Celebrating 150 Years of Canada

One staff writer reflects on Canada’s history during Canada Day festivities 

By Javan Latson

July 1st marked a very important milestone in Canadian history, the 150th anniversary of Nova Scotia, New Brunswick, and Canada becoming a confederation. Every year, millions of Canadians gather in towns and cities to celebrate this anniversary, now commonly called Canada Day. The signing of the North America Act in 1867 put the then British colony on the path to becoming the prosperous nation that it is today. This piece of legislation not only created Canada as a nation, but also gave Canadians greater control over their internal affairs, although it was not until 1982 that Canada became fully independent from England.

Although a relatively young nation, a lot of change has happened in Canada in the past century and a half.
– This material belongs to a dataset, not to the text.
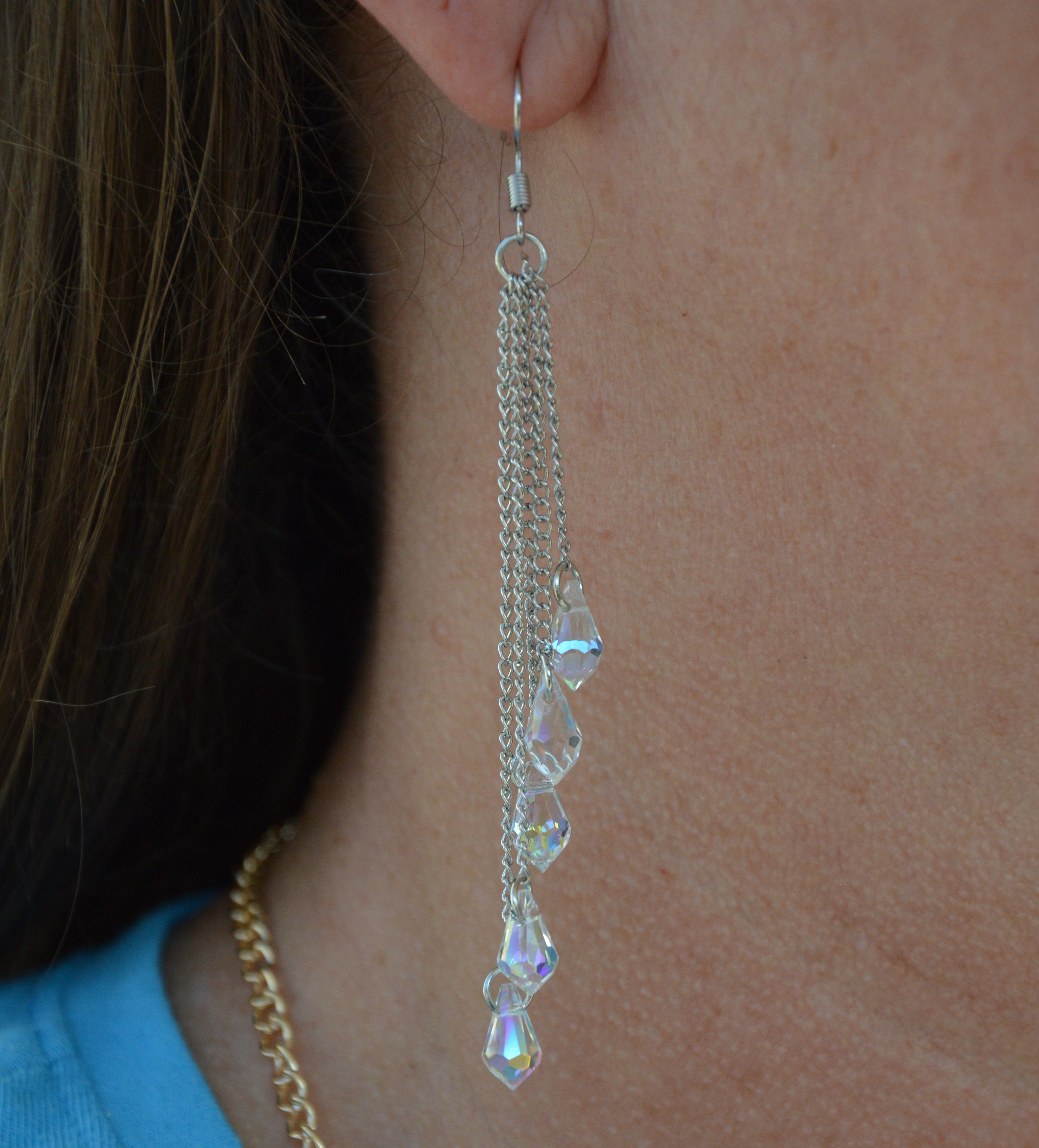 Crystal Prism Dangle Earrings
Once a colony, Canada is now one of the world’s most successful countries and is ranked 10th on the United Nation’s Human Development Index. Thousands of brave Canadians fought and died alongside American soldiers in the First and Second World Wars, playing their part to help combat fascism and totalitarianism. When the world was anticipating a nuclear war between the United States and the Soviet Union, Canada was one of the founding members of NATO in order to preserve peace. As nations around the globe descended into civil war and anarchy, the Canadian Government ended nearly a century of racially discriminatory entrance requirements with the passage of the Immigration Act in 1976. Ending years of quotas and exclusionary policies, this law opened the gate for non-Western Europeans to enter the country. Hungarians fleeing communism, Iranians escaping the Ayatollah, and Chileans seeking freedom from Pinochet found refuge on Canadian soil. The Immigration Act and the subsequent revisions have helped the lives of thousands and have transformed Canadian society into the diverse and pluralistic country that exists today.
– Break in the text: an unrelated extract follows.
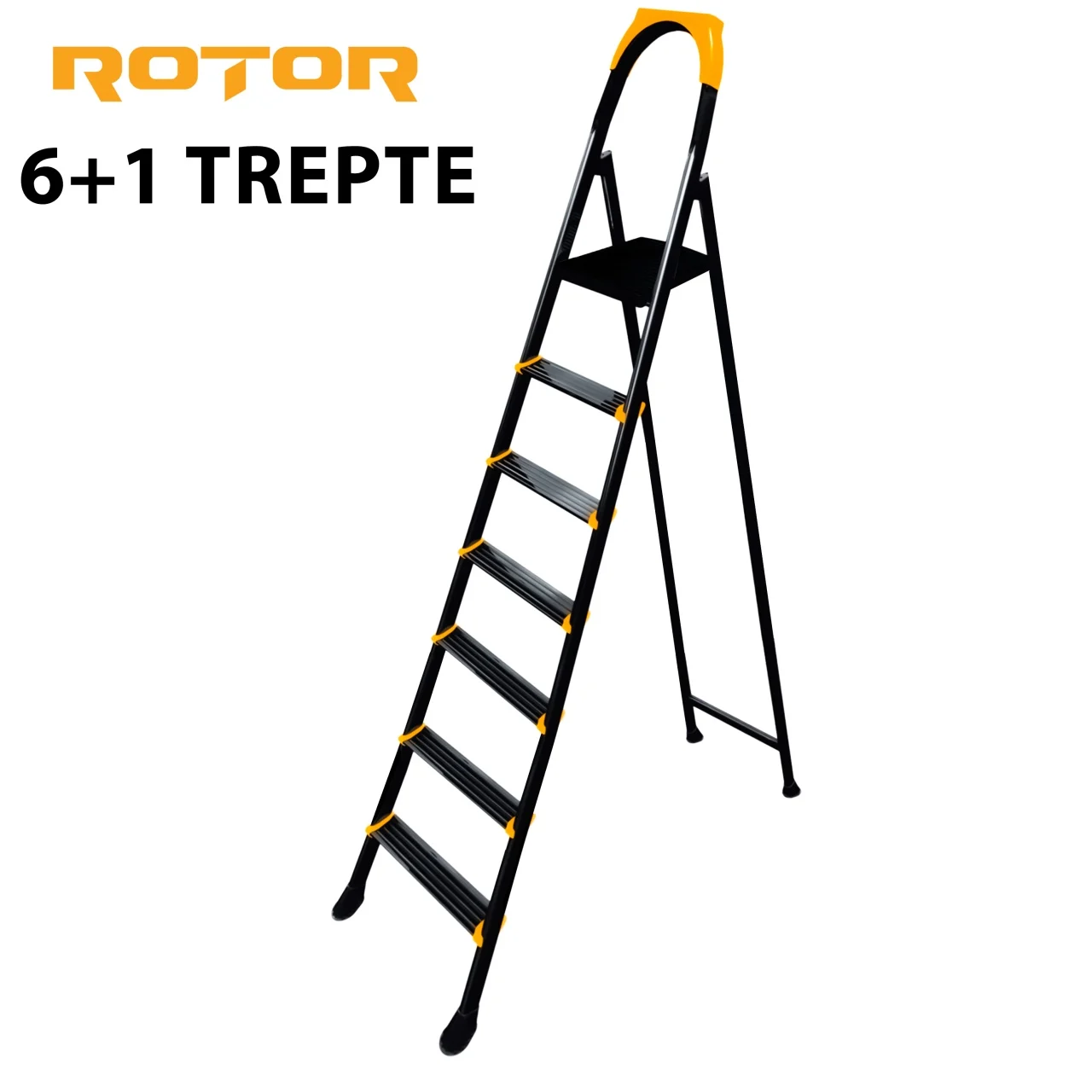 Scara metalica pliabila 6+1 trepte, 2 m, ROTOR [1]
This is not to say that the nation has been without problems. Canada’s history with its indigenous population is shameful and the relationship between the government and the First Nations is still rocky. A legacy of discrimination, land theft, and boarding schools has caused many aboriginals to associate Canada Day with white supremacy and injustice. Things have been only slightly better with the French population over the issue of sovereignty and the place of the French language in society. During the 1970s, things had gotten so bad that Prime Minister Pierre Trudeau had to enact martial law in Quebec following the murder of a government official by Quebecois separatists. Today, there is less unrest, and with the passage of the Multicultural Act of 1971, the Canadian government has officially recognized French as one of its two official languages.

I had the privilege to witness the Canada Day celebrations this year in the Canadian capital of Ottawa during a mission trip with friends it was truly remarkable. It was a vibrant display of the history and culture of the young nation, with the pomp of a formal event. Prince Charles and his wife, Camilla, were there, along with Prime Minister Justin Trudeau to celebrate the occasion. Millions of people descended upon Parliament hill to hear speeches, eat food, and enjoy live performances from U2, Alessia Cara, and Ruth B. While there I asked friends two questions: What does it mean to be a Canadian, and what makes Canada great?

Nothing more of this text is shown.